An optimized correlation function estimator for galaxy surveys
Abstract
Measuring the two-point correlation function of the galaxies in the Universe gives access
to the underlying dark matter distribution, which is related to cosmological parameters
and to the physics of the primordial Universe. The estimation of the correlation function
for current galaxy surveys makes use of the Landy-Szalay estimator, which is supposed to
reach minimal variance. This is only true, however, for a vanishing correlation function.

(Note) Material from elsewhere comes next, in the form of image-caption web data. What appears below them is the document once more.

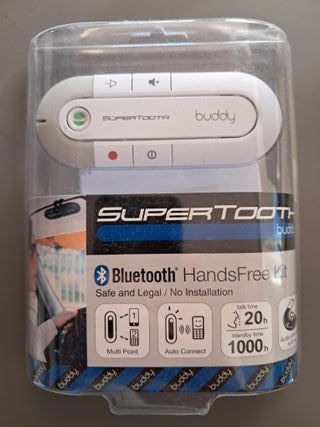 SUPERTOOTH Buddy vivavoce auto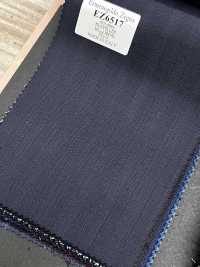 EZ6517 Ermenegildo Zegna TRAVELLER Rayure bleu marine[Tissu] HOSOI SYOJI Images supplémentaires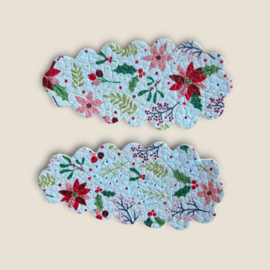 Sparkle Collection Hairclip Florien mistletoe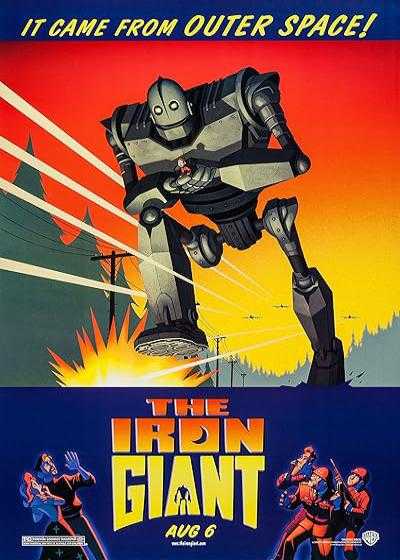 انیمیشن غول آهنی The Iron Giant 1999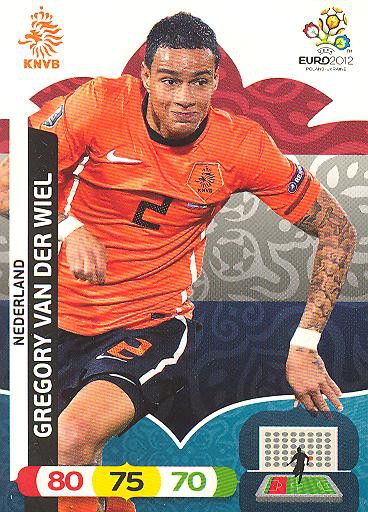 Panini EM 2012 - Adrenalyn XL - Gregory van der Wiel - Niederlande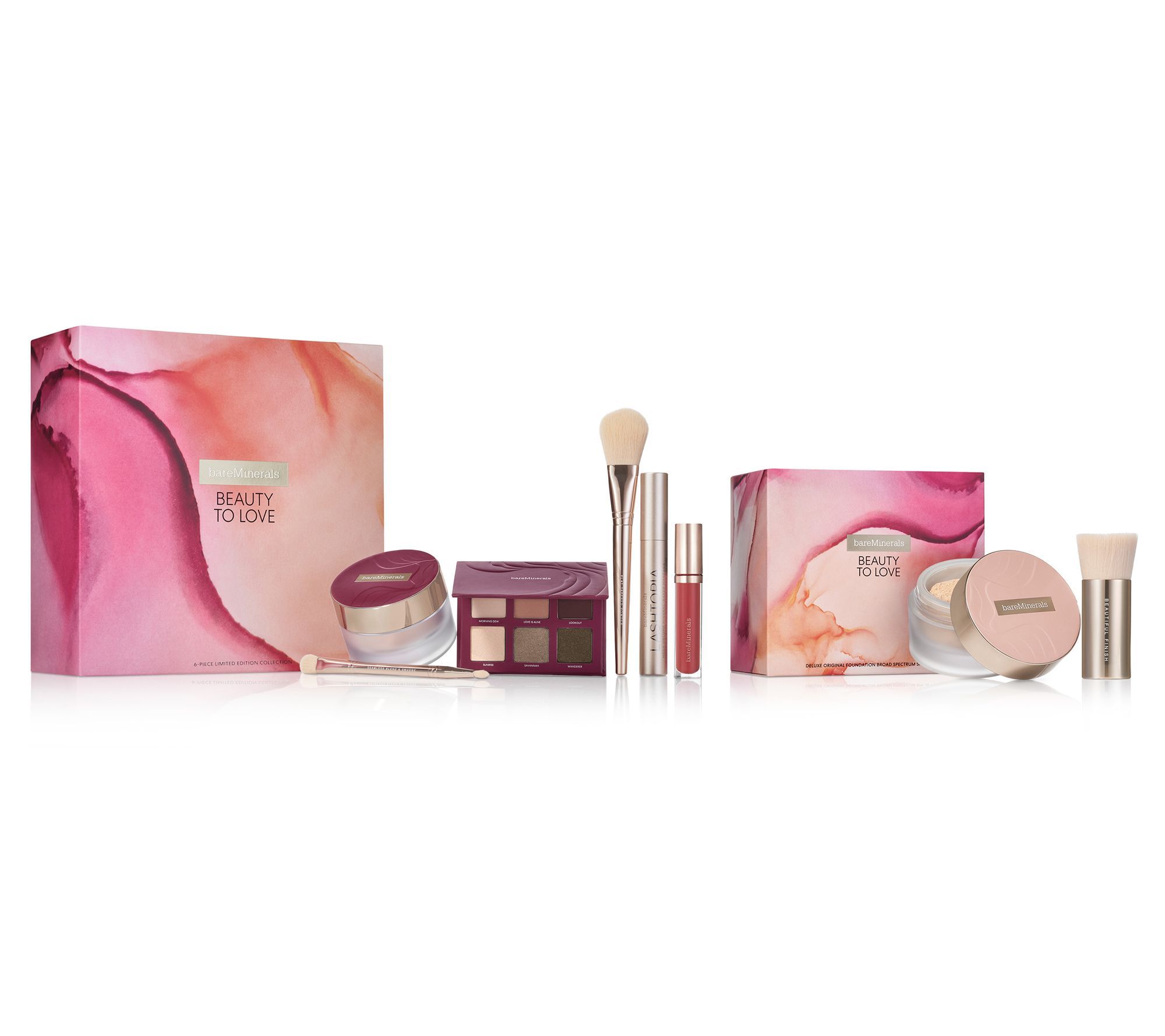 bareMinerals Beauty to Love 8pc Collector's Deluxe Original Collection | QVC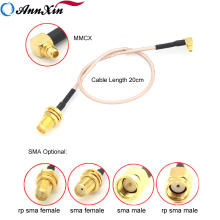 RP-SMA Female To MMCX Male Pigtail Cable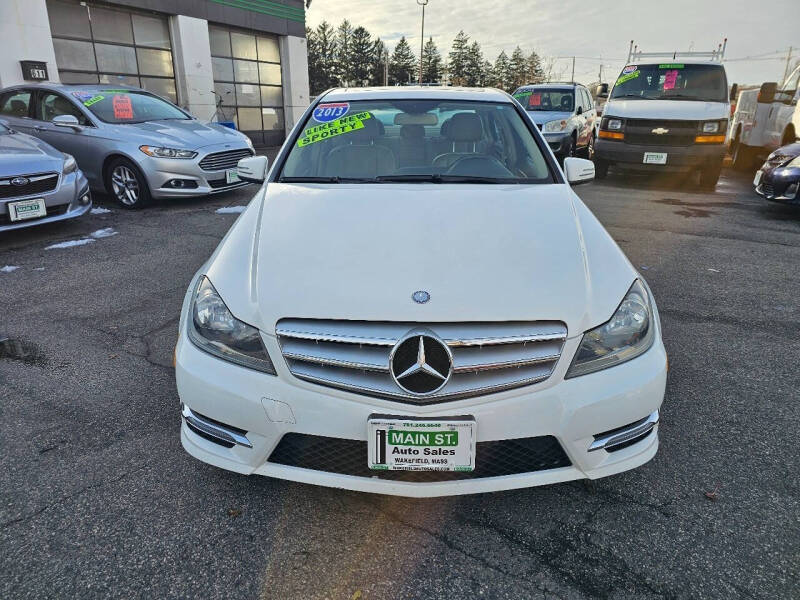 2013 Mercedes-Benz C-Class C 300 Sport 4MATIC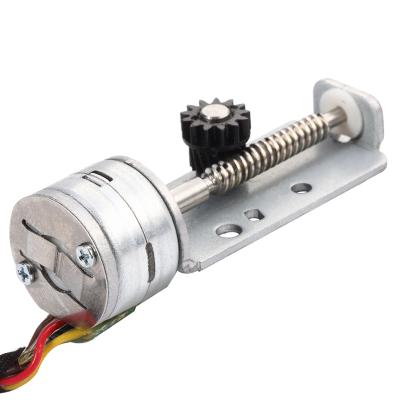 China Camera Lens Linear Stepper Motor Printer 10mm Micro Slider Screw Stepper Motor 3.3V DC P.M. for sale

We study the Landy-Szalay estimator when these conditions are not fulfilled and propose a
new estimator that provides the smallest variance for a given survey geometry. Our
estimator is a linear combination of ratios between pair counts of data and/or random
catalogues (DD, RR, and DR). The optimal combination for a given geometry is determined by
using lognormal mock catalogues. The resulting estimator is biased in a model-dependent
way, but we propose a simple iterative procedure for obtaining an unbiased
model-independent estimator. Our method can be easily applied to any dataset and requires
few extra mock catalogues compared to the standard Landy-Szalay analysis. Using various
sets of simulated data (lognormal, second-order LPT, and N-body), we
obtain a 20–25% gain on the error bars on the two-point correlation function for the SDSS
geometry and ΛCDM correlation function. When applied to SDSS data (DR7 and DR9), we
achieve a similar gain on the correlation functions, which translates into a 10–15%
improvement over the estimation of the densities of matter Ωm and dark energy
ΩΛ in an open ΛCDM model. The constraints derived from DR7 data with our
estimator are similar to those obtained with the DR9 data and the Landy-Szalay estimator,
which covers a volume twice as large and has a density that is three times higher.